Sales GrowthA company’s long-term performance can give signals about its business quality. Even a bad business can shine for one or two quarters, but a top-tier one tends to grow for years. Thankfully, Xometry's 49.6% annualized revenue growth over the last five years was incredible. This is a great starting point for our analysis because it shows Xometry's offerings resonate with customers.

We at StockStory place the most emphasis on long-term growth, but within industrials, a half-decade historical view may miss cycles, industry trends, or a company capitalizing on catalysts such as a new contract win or a successful product line. Xometry's annualized revenue growth of 28.7% over the last two years is below its five-year trend, but we still think the results were good and suggest demand was strong.

This quarter, Xometry reported robust year-on-year revenue growth of 19.4%, and its $132.6 million of revenue exceeded Wall Street's estimates by 3.1%. The company is guiding for revenue to rise 15.2% year on year to $137 million next quarter, in line with the 14.8% year-on-year increase it recorded in the same quarter last year. Looking ahead, Wall Street expects sales to grow 18.7% over the next 12 months.

Operating MarginOperating margin is an important measure of profitability as it shows the portion of revenue left after accounting for all core expenses–everything from the cost of goods sold to advertising and wages. It's also useful for comparing profitability across companies with different levels of debt and tax rates because it excludes interest and taxes.

Unprofitable industrials companies require extra attention because they could get caught swimming naked if the tide goes out. It's hard to trust that Xometry can endure a full cycle as its high expenses have contributed to an average operating margin of negative 19.2% over the last five years. This result is surprising given its high gross margin as a starting point.

On the bright side, Xometry's annual operating margin rose by 18.5 percentage points over the last five years, as its sales growth gave it immense operating leverage. Still, it will take much more for the company to reach long-term profitability.
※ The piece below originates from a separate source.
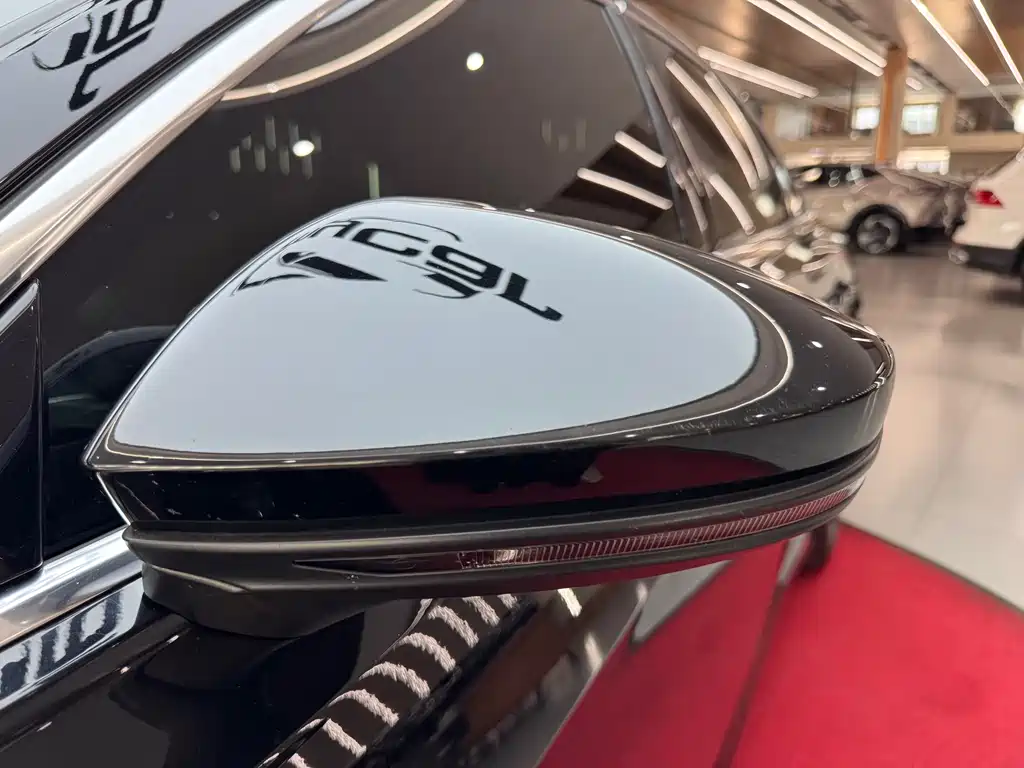 Audi A6L 2023 — фото 33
In Q2, Xometry generated an operating profit margin of negative 11.5%, up 13.7 percentage points year on year. This increase was solid, and since the company's operating margin rose more than its gross margin, we can infer it was recently more efficient with expenses such as sales, marketing, R&D, and administrative overhead.
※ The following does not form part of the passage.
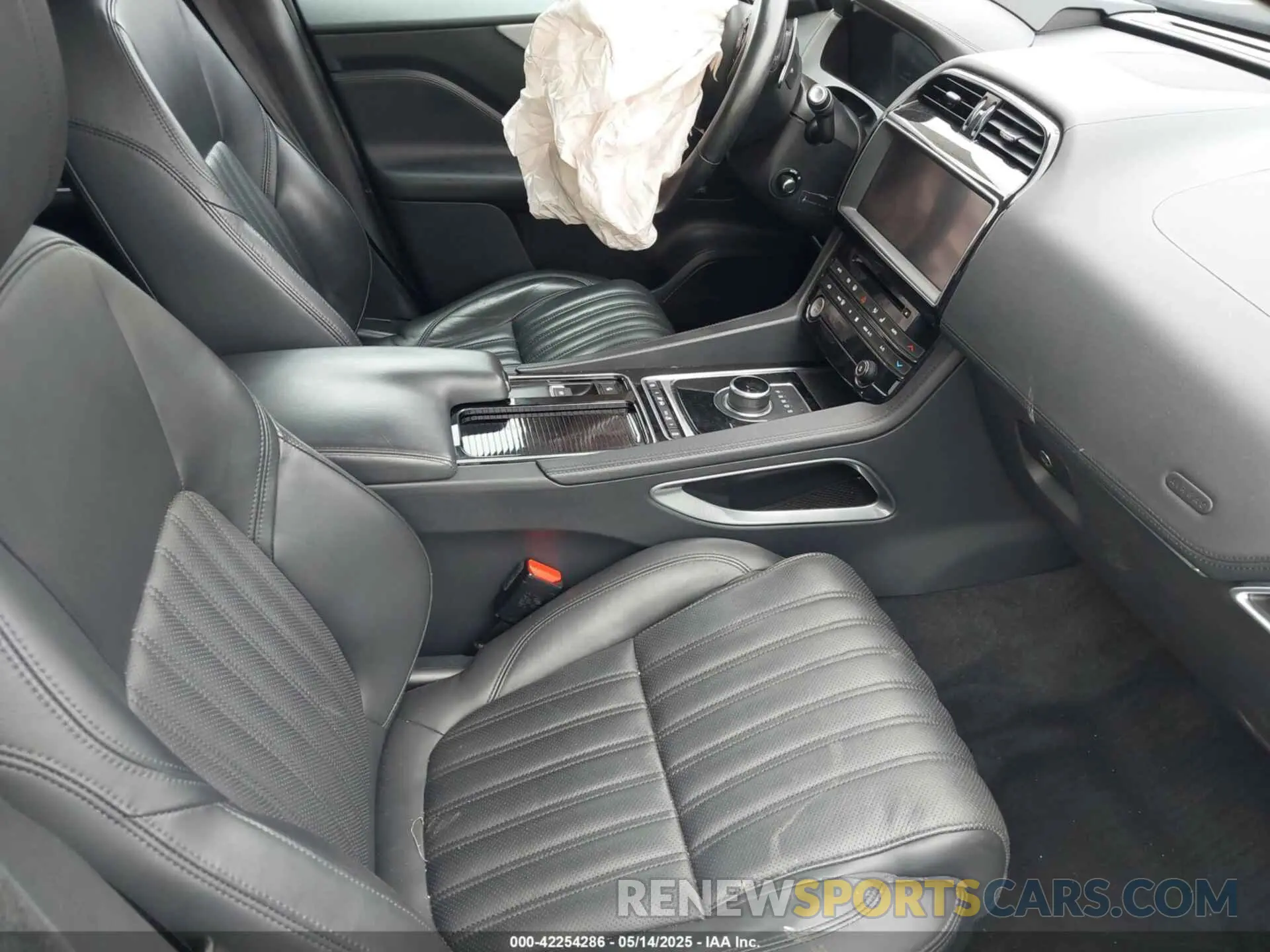 5 Photograph of a damaged car SADCN2GX8KA399769 JAGUAR F-PACE 2019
EPSAnalyzing long-term revenue trends tells us about a company's historical growth, but the long-term change in its earnings per share (EPS) points to the profitability of that growth–for example, a company could inflate its sales through excessive spending on advertising and promotions.

Although Xometry's full-year earnings are still negative, it reduced its losses and improved its EPS by 17.8% annually over the last five years. The next few quarters will be critical for assessing its long-term profitability. We hope to see an inflection point soon.

In Q2, Xometry reported EPS at negative $0.01, up from negative $0.14 in the same quarter last year. This print easily cleared analysts' estimates, and shareholders should be content with the results. Over the next 12 months, Wall Street is optimistic. Analysts are projecting Xometry's EPS of negative $0.19 in the last year to reach break even.

Key Takeaways from Xometry's Q2 ResultsWe were impressed by how significantly Xometry blew past analysts' EPS expectations this quarter. We were also excited its revenue outperformed Wall Street's estimates. On the other hand, its revenue guidance for next quarter was underwhelming. Overall, we think this was a decent quarter with some key metrics above expectations. The stock traded up 10.8% to $12.63 immediately after reporting.